12. Notice of Information Practices

    .

    The HIPAA privacy rule requires facilities to provide the resident with a Notice of Information Practices also referred to as a Notice of Privacy Practices. This Notice must describe how the facility  uses or  discloses residents’  protected health information, the resident's rights with respect to his/her PHI, and the facility's legal duties under the privacy rule.  The notice must be provided at the time of admission to the facility.  The notice must be written in plain language and contain the following elements: (See HIPAA privacy rule for specifics under each section)

     

    • Header: "This notice describes how medical information about you may be used and disclosed and how you can get access to this information.  Please read it carefully."
    • Uses and disclosures
    • Separate statements for certain uses or disclosures
    • Individual rights
    • Covered entity's duties (facility's duties)
    • Complaints
    • Contact information
    • Effective date
    • Other optional information as described in the HIPAA privacy rule

     

    A good faith effort must be made to obtain acknowledgement of receipt of the Notice. If your facility is unable to obtain acknowledgment, document actions taken to obtain acknowledgement and why you were unable to obtain acknowledgement.

     

    If a resident is admitted in an emergency situation, provide the Notice as soon as reasonably practicable after the emergency situation.

     

    The Notice must be posted in your facility; in addition, you must have copies of the Notice available for interested parties (perspective residents, visitors, family members, etc.) to have upon request.

     

    If your organization maintains a public Web site, the Notice must be posted on the Web site.

     

    Changes to the Notice:

    • Content (material changes) to the Notice cannot be implemented prior to the effective date of the revised Notice.
    • Your facility’s Notice should include a statement that it reserves the right to make changes to the Notice and how an updated Notice can be obtained. This will allow the facility to make changes to the Notice without having to redistribute the Notice to current residents. If your Notice does not contain this type of statement, it must provide an updated Notice to current residents.

     

    A copy of each version of your facility’s Notice must be retained for six years from the date it was last in effect.

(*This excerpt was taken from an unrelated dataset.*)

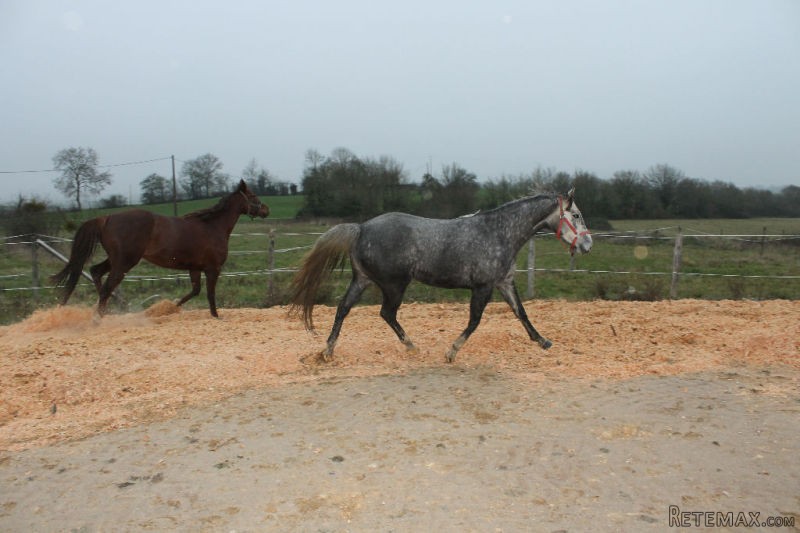 Stunning Equestrian Property Set On 13.. - 2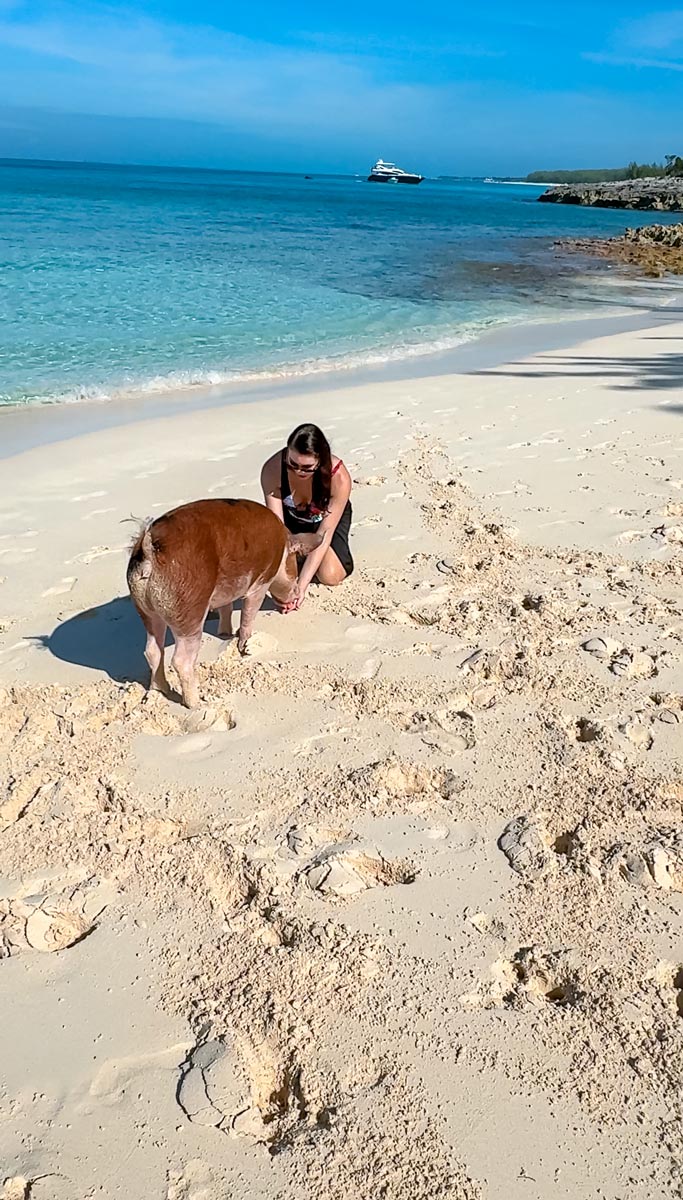 Feed-and-Swim-with-Pigs-Bahamas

13. Designation of a Privacy Officer

    .

    HIPAA requires the designation of a privacy official who is responsible for the development and implementation of the policies and procedures of the facility related to the privacy rule. The facility must also designate a contact person or office who is responsible for receiving complaints related to the facility's privacy practices.  The privacy official and contact person does not have to be the same individual.  The rule does not require specific training or expertise. 

AHIMA's published model position description for the Privacy Officer.

10. CODING AND REIMBURSEMENT

HIM STANDARD: The healthcare organization’s diagnosis and procedure coding guidelines for all resident types are based on current ICD-9-CM, CPT and HCPCS classification systems to ensure the accuracy and retrievability of pertinent information. The director of the health information management department supervises or monitors any diagnosis coding done outside the department to ensure the complete and accurate description of resident services. The director of the health information management department (or a designee) provides training and/or consultation to non- health information management staff who assign or analyze diagnoses codes.

Regulatory Requirements:

Under the federal Health Insurance Portability and Accountability Act (HIPAA) Transaction and Code Sets Standard (TCS), Subpart J, medical data code sets were adopted as the following code sets standards: 

 

1. International Classification of Diseases, 9th Edition, Clinical Modification, (ICD-9-CM), Volumes 1 and 2 (including the Official ICD-9-CM Guidelines for Coding and Reporting) for diseases, injuries, impairments, other health problems and their manifestations, and causes of injury, disease, impairment, or other health problems.